*Directions for this task*
Where a line of the entries holds the string "Digital", copy that line.

*The data*
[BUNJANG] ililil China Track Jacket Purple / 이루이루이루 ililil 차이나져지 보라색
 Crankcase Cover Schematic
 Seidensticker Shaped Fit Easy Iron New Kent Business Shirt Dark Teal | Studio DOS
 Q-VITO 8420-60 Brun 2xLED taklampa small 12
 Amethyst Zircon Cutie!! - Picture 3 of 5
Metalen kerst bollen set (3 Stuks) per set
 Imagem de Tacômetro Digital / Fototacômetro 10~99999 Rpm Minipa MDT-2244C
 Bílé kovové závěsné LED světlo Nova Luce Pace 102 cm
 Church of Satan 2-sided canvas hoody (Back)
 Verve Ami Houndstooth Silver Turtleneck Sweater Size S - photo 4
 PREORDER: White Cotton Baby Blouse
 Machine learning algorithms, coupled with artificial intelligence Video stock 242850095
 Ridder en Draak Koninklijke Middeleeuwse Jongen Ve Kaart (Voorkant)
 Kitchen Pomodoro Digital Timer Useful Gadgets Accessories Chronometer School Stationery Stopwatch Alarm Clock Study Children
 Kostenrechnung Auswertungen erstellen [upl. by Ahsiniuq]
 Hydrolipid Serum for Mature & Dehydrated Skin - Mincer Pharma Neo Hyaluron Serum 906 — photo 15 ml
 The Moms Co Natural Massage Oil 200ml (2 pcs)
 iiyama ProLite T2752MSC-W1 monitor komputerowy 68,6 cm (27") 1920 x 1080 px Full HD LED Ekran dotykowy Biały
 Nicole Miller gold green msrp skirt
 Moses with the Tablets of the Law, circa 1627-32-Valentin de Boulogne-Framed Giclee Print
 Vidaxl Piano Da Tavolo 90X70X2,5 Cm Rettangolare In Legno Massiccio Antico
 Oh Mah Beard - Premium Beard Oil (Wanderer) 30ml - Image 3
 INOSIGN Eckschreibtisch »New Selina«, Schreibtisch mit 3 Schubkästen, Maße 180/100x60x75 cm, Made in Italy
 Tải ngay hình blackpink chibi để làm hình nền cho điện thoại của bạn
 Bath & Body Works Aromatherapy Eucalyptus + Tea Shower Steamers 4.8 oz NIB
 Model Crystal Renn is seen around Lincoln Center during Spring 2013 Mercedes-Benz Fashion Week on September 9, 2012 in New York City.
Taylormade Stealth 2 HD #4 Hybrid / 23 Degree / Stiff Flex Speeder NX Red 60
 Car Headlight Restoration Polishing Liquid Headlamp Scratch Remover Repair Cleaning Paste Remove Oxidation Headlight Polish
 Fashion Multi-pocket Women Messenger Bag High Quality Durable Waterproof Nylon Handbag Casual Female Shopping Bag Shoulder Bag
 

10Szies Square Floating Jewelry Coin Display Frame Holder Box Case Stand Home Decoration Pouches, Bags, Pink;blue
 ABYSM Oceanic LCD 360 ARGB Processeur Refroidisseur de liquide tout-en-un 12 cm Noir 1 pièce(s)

*Exercise answer*
 Imagem de Tacômetro Digital / Fototacômetro 10~99999 Rpm Minipa MDT-2244C
 Kitchen Pomodoro Digital Timer Useful Gadgets Accessories Chronometer School Stationery Stopwatch Alarm Clock Study Children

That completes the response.